Critic, poet, and critic's critic TS Eliot on Love Beach, New Providence Island in 1957. Photo by Slim Aarons/Getty Images.
The question of whether artists and critics should or could be friends is troublesome in any art form, but in the literary world it's a nightmare that recurs, in a slightly different form, in every genre. My own background was in theatre reviewing, where you might share a drink with a director at the interval but you'd always scuttle out afterwards without catching their eye.
I was horrified when I moved to literary editing to find that this preciously guarded independence had so little place on the books pages. For a while, I blundered around in pursuit of the perfect unbiased review, but again and again it eluded me. I remember ranting to a rather startled publisher about how corrupt the literary world was and how every offer to review had to be traced, with forensic doggedness, back to its motive.
It took me a while to understand how complex and far-reaching the reasons for this are, and how embedded it is in our history, our culture and even our economic set-up. The primary and unavoidable problem is that writers are always reviewed by writers (at least in newspapers and periodicals - broadcast reviewing is slightly different). There is none of the separation of crafts and industries that exists between, say, writer and actor or dancer. As Zadie Smith elegantly put it in the Guardian Review last week, writing is "the craft that defies craftsmanship". Much as all sides might scorn the connection, critics and journalists are first cousins to novelists and poets, so in one fundamental sense incest is unavoidable.

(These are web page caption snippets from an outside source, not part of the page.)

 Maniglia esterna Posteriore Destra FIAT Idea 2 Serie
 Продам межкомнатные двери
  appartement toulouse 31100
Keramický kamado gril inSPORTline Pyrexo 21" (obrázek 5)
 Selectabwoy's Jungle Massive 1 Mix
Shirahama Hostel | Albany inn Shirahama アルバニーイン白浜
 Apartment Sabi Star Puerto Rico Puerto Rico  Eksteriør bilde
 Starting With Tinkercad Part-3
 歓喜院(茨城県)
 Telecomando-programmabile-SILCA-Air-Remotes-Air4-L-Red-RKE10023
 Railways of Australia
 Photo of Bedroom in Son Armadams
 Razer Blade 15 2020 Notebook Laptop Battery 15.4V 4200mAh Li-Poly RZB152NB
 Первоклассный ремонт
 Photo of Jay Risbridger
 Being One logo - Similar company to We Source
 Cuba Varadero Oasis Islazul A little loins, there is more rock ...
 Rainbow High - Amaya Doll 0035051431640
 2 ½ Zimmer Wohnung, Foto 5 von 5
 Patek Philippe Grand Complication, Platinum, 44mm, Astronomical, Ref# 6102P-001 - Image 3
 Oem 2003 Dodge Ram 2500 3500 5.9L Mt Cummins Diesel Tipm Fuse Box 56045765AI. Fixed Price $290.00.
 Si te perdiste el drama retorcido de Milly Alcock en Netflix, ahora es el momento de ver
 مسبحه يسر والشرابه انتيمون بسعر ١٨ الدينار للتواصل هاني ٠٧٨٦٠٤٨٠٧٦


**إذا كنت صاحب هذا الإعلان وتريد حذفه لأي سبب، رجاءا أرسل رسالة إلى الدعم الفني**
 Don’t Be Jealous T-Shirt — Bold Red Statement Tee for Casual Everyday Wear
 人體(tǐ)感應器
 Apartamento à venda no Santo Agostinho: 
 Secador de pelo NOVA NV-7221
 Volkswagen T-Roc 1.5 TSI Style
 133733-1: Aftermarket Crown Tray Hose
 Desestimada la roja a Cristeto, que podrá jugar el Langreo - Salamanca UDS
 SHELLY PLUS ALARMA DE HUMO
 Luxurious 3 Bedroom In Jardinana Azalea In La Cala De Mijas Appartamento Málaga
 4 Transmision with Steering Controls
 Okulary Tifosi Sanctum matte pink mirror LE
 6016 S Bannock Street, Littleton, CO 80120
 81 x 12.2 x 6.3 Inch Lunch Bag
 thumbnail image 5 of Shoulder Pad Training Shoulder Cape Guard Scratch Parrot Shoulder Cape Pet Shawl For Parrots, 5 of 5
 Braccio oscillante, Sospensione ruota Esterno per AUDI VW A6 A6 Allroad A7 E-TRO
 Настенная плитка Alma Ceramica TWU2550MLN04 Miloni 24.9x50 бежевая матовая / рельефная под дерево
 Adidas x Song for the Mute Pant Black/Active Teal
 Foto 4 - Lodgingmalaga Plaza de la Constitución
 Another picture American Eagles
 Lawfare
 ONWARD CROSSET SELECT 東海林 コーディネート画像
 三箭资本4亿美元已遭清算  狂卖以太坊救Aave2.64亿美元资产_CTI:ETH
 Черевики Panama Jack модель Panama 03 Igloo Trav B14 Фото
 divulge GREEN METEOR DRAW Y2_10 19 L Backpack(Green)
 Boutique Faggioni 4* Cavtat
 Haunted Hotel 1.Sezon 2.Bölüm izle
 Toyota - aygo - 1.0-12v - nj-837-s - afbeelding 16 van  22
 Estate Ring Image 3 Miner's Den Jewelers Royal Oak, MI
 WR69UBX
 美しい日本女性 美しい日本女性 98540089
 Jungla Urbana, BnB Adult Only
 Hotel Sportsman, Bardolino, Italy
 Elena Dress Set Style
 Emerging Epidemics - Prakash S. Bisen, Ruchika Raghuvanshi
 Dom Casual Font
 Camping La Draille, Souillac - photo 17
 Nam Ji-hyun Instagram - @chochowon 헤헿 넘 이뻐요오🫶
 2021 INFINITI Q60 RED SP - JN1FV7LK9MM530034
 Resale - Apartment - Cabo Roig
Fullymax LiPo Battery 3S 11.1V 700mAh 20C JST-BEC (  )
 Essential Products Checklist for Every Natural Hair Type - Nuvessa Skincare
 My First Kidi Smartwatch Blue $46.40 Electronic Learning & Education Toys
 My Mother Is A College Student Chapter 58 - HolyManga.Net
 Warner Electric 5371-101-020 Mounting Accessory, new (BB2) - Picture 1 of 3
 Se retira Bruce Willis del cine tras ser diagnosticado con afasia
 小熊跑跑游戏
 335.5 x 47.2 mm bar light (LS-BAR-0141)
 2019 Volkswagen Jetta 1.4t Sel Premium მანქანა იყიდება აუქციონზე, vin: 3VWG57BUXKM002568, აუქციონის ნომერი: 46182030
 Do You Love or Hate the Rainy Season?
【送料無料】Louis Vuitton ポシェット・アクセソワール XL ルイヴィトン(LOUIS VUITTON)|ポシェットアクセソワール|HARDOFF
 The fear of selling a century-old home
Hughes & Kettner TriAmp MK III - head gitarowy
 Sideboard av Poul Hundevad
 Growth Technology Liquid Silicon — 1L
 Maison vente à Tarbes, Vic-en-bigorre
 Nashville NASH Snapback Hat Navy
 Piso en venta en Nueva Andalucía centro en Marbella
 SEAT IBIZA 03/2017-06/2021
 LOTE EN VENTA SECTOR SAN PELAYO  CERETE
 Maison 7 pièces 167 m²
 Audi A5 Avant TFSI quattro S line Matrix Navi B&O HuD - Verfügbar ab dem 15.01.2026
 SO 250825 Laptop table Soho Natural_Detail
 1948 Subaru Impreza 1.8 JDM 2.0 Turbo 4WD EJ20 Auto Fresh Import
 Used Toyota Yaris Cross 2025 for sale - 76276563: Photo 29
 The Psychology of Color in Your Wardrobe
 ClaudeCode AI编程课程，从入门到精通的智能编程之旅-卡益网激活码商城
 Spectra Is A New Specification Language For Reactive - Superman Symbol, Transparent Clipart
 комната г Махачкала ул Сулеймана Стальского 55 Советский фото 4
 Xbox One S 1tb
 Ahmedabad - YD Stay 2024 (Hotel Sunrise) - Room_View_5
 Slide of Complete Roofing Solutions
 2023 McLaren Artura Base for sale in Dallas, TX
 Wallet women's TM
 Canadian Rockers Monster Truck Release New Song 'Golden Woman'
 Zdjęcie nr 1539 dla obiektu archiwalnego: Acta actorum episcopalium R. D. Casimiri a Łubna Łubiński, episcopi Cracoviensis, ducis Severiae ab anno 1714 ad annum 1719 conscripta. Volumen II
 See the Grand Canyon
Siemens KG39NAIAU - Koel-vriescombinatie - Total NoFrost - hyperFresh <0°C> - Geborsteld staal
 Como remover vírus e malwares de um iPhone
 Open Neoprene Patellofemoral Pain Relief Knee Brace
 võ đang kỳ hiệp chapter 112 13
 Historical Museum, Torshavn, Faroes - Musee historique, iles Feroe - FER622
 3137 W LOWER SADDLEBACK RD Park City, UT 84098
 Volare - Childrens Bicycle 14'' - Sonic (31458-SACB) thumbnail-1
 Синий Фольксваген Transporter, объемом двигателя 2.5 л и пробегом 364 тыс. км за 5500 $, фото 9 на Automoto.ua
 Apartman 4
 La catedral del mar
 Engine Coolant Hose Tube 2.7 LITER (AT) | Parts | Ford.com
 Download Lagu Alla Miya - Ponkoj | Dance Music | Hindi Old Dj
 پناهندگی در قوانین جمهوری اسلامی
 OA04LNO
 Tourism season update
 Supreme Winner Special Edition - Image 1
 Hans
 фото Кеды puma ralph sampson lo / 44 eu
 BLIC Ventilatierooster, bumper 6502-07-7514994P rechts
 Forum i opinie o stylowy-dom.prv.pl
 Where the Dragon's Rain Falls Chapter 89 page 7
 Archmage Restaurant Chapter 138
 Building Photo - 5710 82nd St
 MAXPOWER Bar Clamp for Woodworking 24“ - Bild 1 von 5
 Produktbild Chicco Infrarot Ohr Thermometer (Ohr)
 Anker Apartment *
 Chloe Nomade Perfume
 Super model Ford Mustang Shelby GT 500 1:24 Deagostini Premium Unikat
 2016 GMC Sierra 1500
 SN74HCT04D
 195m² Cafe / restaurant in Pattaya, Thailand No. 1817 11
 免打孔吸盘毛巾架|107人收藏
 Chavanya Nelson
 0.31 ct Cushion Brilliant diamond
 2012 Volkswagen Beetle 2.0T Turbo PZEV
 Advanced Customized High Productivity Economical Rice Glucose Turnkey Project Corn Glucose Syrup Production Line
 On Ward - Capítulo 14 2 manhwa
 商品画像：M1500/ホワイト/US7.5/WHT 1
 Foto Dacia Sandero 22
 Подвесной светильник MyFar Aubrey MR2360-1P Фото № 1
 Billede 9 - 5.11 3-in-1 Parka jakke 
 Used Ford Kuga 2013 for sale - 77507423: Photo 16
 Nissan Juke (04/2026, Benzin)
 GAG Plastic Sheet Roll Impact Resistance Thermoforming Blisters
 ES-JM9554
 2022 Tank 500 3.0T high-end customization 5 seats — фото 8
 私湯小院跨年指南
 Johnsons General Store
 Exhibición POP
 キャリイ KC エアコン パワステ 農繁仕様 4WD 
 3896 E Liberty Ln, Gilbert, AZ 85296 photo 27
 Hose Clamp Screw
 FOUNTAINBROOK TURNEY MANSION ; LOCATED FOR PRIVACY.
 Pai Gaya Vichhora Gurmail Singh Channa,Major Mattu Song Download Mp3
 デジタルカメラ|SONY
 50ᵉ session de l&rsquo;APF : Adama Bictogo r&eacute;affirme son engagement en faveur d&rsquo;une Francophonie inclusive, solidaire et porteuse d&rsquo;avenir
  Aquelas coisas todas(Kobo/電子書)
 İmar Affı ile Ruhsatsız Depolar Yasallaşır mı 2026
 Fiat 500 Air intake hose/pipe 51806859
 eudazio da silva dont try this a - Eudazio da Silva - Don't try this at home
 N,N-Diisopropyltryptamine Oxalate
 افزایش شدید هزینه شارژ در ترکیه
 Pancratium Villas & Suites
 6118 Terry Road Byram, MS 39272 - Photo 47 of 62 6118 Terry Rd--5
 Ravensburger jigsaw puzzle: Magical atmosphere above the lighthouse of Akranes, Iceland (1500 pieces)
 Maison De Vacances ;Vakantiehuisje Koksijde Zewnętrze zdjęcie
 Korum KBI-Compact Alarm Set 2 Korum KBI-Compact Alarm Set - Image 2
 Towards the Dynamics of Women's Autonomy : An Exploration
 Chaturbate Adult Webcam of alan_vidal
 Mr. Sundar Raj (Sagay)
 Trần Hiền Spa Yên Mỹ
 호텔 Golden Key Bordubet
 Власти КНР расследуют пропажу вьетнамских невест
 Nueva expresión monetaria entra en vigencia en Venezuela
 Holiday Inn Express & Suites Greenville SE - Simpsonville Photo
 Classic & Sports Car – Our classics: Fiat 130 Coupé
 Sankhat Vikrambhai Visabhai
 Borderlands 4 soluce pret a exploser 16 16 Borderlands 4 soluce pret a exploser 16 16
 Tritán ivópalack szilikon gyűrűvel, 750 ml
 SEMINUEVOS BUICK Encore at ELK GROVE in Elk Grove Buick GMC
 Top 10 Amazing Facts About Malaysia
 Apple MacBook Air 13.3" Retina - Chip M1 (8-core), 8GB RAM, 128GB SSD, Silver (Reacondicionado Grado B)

Connected to this is the fact that there is no tradition in the UK of giving jobs to literary critics, as there is for other art forms. It takes far longer to read a book than to watch even the longest Shakespeare play, which makes it pretty much impossible to earn a living through book reviewing alone. So most reviewers have "day jobs" - usually their own writing, or some sort of teaching, both of which bring with them dependencies and compromises. A reviewer might not know a writer personally, but share an agent or publisher with them. An academic might be asked to review a book by a rival in the same discipline. But you wouldn't want to entrust the thoughts of Stephen Hawking to a reviewer who knew nothing about physics. For the reviewer, the decision as to when to turn down such a commission on ethical grounds is very delicate.
There are stories of purist reviewers, who never venture outside their own homes (one New York critic is said not even to have met her commissioning editor), but they are rare. The most independent (for which read opinionated) critics often blaze through the skies in a shower of flames, only to sputter out in a book contract a few years later.
This is not to say that book reviewers lack intelligence and integrity. The tradition of literary criticism, in which most critics are grounded, gives the good ones a sense of the separateness of text and author (you tend not to get the ad hominem attacks that are directed, say, at a bad actor). Equally importantly, critics with careers linked to their reviewing know they have to guard their reputations - expertise and discrimination mean more than personal likeability.
My antennae still twitch when a writer volunteers a review - I'm still always looking out for the motive. But now when someone mouths off to me about the corruption of book critics, I just smile sweetly and ask for specific examples. Often it comes down to a difference of opinion, which brings us to the one thing all art forms have in common: everybody loves to hate critics.